Iraq after ISIS

February 12, 2018

Over the long haul, nothing is more essential to ensuring the safety and security Iraq’s people, and securing the kind of pluralism that can make Iraq stable, than promoting religious freedom for its non-Muslim religious minorities, and for Iraqi Muslims. 

Blog - Iraq after ISIS

Military victory over ISIS was a vital first step in creating the physical conditions necessary for stability. The victory has also created a pivotal moment for American diplomacy to strengthen civil society and foster the conditions for long-term freedom and security.

Why is this a pivotal moment?  Not only has ISIS been removed as a military force, but the evidence indicates that its defeat in Iraq and Syria was in part also ideological.

At, former Acting Director of National Intelligence Michael Dempsey examines the revised informational tactics ISIS is now using.  He notes that in defeat ISIS’s messaging has shifted away from emphasizing the supposed “historical significance of the physical caliphate and … religious obligation of Muslims to support it.”

ISIS’s messaging now focuses almost exclusively on terrorist violence.  According to Dempsey, ISIS’s propaganda machine is “crippled … and the group is now less focused on recruiting followers for a new life in Iraq and Syria than it is on lashing out at perceived enemies.”  If this is true, it provides reason for continuing concern. As Osama Bin Laden’s “defensive jihad” amply demonstrated, terrorist attacks alone can serve as a compelling ideology to extremists. 

But the devolution of ISIS’s messaging also provides an opportunity in Iraq, where, at least for the time being, the hoped-for caliphate, an “Islamist” state, has been shattered.

This is an ideal moment to carry out in Iraq the bipartisan International Religious Freedom Act’s mandate that U.S. foreign policy emphasize religious freedom.  This RFI Cornerstone series on “Religious Freedom and Counterterrorism” explains how the United States can do this, and why it must in order to protect American national security.  

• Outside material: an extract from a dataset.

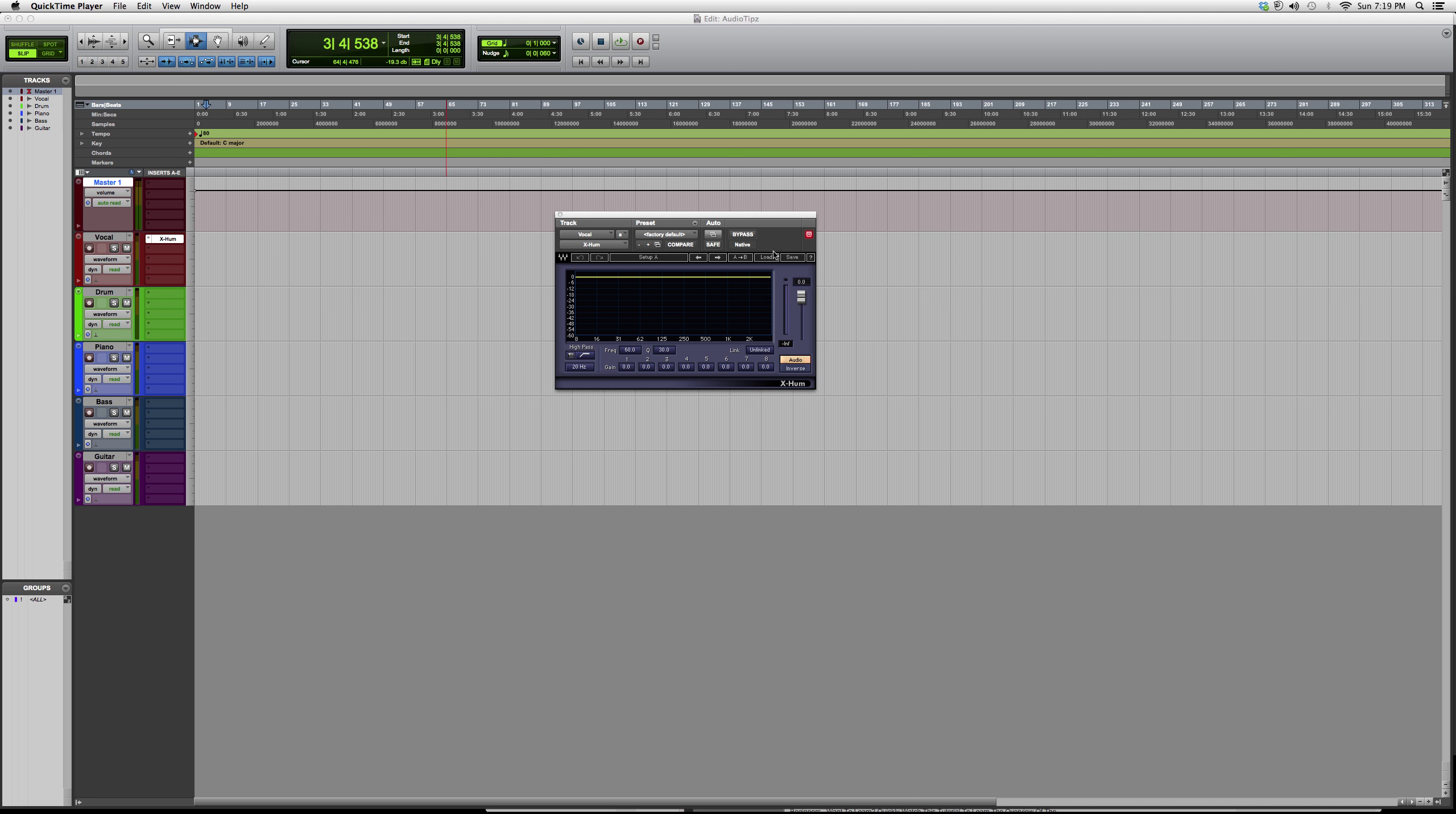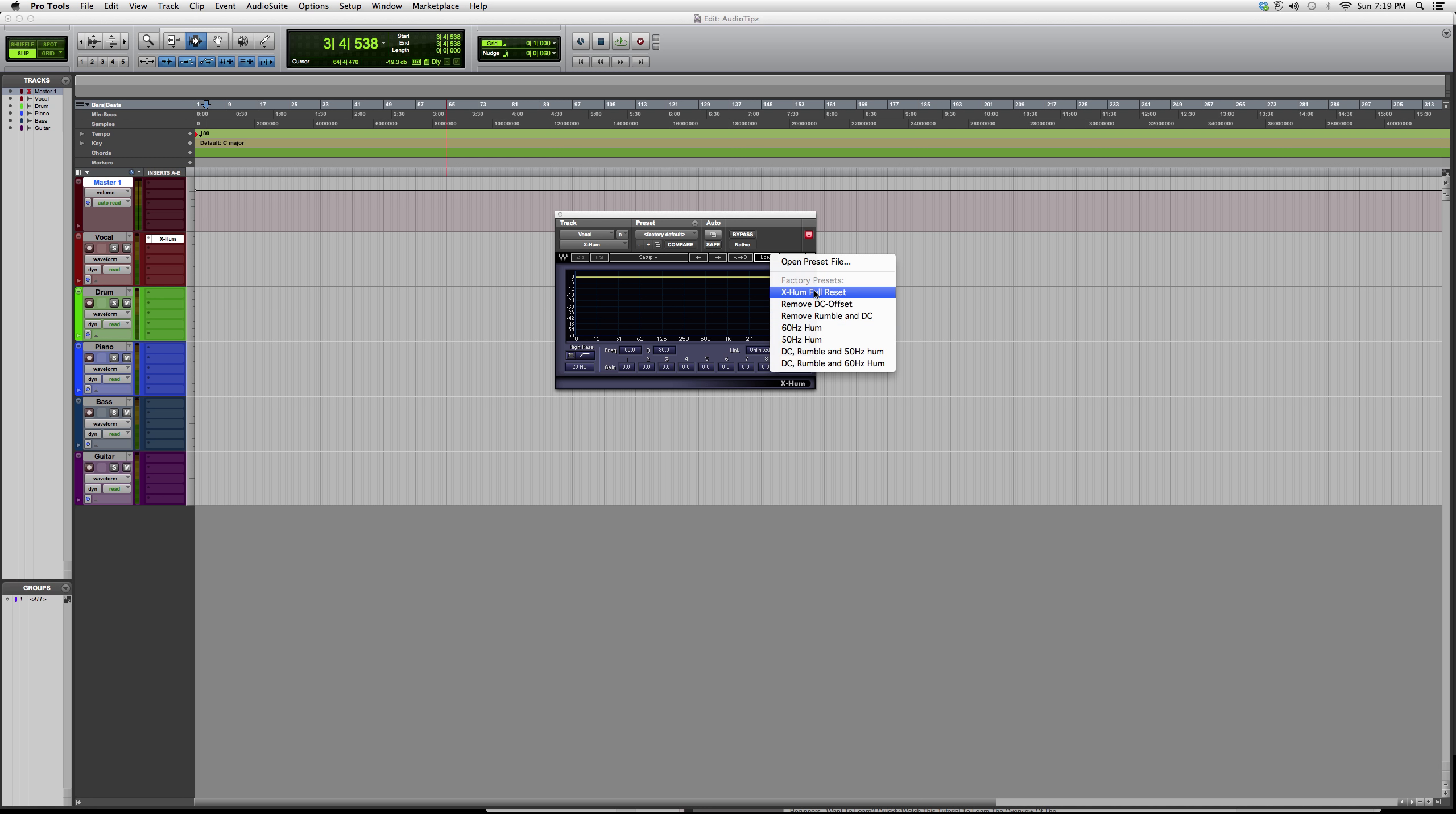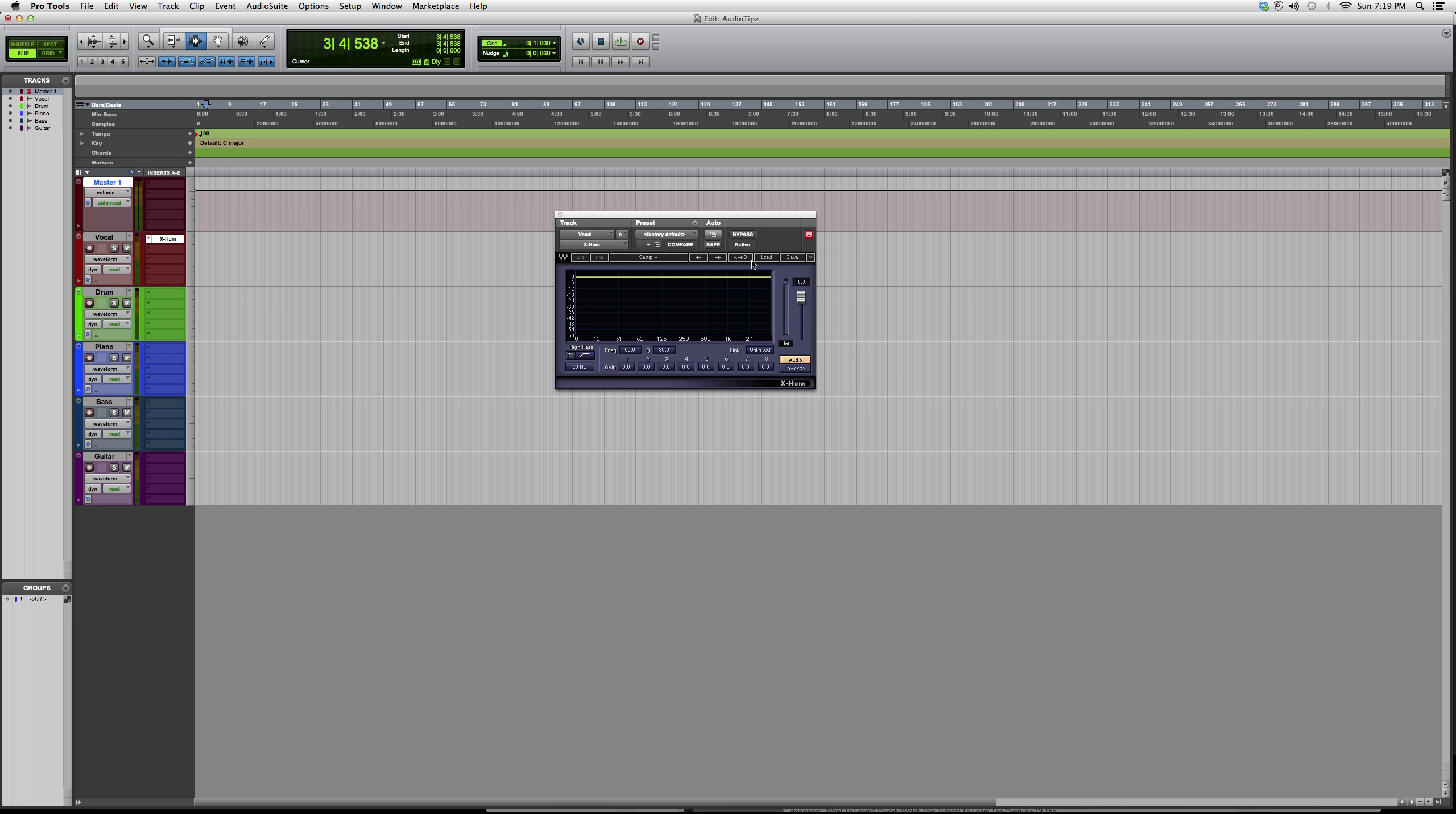This one basically takes a hit on the effect of hum noise. You've got your presets over here—there's about seven or eight that you can choose from.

In our series, Sahar Aziz argues that authoritarian regimes foment extremism and terrorism by suppressing religious freedom and other fundamental human rights.  Aziz writes that “repressive political environments in Muslim majority countries leave room only for the extremes in religious discourse—terrorist groups and government surrogates.”  By contrast, true religious freedom would provide opportunities for moderate voices to undermine the extremist message and gain hundreds of thousands of followers. 

RFI senior scholar Nilay Saiya summarizes his own research showing why, when a regime’s counterterrorism policies discriminate against entire religious groups, it actually undermines the regime’s ability to combat terrorism.  In short, oppressive and discriminatory policies lead to violent extremism. 

Kamran Bokhari suggests freedom of speech is a necessary precondition for religious freedom, while Peter Henne assesses both benefits and challenges that religious freedom can present to some nations’ counterterrorism efforts.

In short, as ISIS retreats as a military force, the United States and its allies have an opportunity to help Iraq secure the conditions for stability peace and freedom. We cannot afford to stand by as Iraq descends again into a chaotic and unstable regime that could require U.S. military engagement in Iraq yet again. Military force, though critical, will never be enough. Now is the time to make the return of ISIS even more unlikely.